CatChannel veterinary expert, Arnold Plotnick, DVM, explains how a cat could become paralyzed.

CatChannel veterinary expert, Arnold Plotnick, DVM, explains how a cat could become paralyzed.

Q: Have you ever seen a previously healthy cat develop acute limb paralysis? She is a stray outdoor cat, at least 5 years old. She does not appear to be in any pain. No lesion is obvious.

A: It is difficult to answer your question based on the limited information in your letter, namely, whether the limb paralysis involves one, two, three, or all four limbs. For an outdoor cat, I would imagine trauma to be the most likely cause for sudden limb paralysis. Although no external lesion is obvious, a thorough exam by a veterinarian, with emphasis on the neurological system might elucidate the problem. Trauma involving the limb is often obvious; however, trauma involving the spine may show no external lesion.
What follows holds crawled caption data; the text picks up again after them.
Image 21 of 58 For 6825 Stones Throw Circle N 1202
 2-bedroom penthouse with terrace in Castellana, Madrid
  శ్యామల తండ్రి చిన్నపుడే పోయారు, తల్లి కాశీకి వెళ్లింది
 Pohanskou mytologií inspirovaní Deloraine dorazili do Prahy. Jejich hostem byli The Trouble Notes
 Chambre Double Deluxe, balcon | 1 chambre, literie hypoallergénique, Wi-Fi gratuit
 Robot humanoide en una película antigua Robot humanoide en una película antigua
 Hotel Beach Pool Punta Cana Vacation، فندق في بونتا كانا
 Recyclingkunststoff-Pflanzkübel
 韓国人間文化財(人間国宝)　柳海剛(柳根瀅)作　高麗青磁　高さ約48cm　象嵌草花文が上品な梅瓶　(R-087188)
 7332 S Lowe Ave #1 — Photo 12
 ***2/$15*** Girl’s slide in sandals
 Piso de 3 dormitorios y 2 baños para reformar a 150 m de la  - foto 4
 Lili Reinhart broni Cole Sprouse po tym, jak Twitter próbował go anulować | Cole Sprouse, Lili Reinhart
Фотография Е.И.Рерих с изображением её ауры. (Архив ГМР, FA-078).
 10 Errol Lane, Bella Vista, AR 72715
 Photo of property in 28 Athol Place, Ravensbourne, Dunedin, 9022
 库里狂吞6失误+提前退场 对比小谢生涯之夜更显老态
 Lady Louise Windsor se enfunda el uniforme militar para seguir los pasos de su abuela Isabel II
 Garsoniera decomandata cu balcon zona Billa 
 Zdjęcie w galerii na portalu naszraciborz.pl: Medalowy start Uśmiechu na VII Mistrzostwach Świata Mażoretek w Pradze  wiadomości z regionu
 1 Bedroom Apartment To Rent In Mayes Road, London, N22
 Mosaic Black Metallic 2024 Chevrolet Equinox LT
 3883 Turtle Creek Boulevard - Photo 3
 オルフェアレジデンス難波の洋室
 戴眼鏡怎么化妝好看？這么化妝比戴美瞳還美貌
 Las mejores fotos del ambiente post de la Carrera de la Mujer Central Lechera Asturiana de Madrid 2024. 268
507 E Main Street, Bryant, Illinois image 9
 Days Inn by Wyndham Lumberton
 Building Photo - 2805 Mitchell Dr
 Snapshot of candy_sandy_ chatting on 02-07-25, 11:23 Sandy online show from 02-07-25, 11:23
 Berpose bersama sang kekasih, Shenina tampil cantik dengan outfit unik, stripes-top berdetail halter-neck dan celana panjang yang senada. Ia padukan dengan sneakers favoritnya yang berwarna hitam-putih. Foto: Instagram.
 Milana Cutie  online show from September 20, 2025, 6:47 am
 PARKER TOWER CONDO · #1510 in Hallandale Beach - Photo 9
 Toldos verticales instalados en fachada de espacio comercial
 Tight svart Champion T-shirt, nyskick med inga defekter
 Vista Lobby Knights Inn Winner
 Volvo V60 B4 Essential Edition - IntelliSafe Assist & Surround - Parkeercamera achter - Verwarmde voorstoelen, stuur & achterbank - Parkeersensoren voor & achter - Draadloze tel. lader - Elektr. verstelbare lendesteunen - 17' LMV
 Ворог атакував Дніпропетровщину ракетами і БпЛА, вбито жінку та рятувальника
A common cause for acute onset of rear limb paralysis is arterial thromboembolism, that is, a blood clot. Some cats develop a heart condition called hypertrophic cardiomyopathy (HCM). This heart disorder increases the risk of developing a blood clot within the left atrium, one of the chambers of the heart. Occasionally, a piece of the clot will break off and travel down the aorta, and will lodge at the very end of the aorta, where it branches to supply blood to the rear limbs. Cats will become acutely paralyzed in the rear limbs. This is a painful, devastating condition, with a very guarded prognosis. The fact that this cat does not appear to be in any pain makes thromboembolism a less likely diagnosis.

I hope this cat is tame enough that you can catch her and see that she gets the veterinary attention that she clearly needs.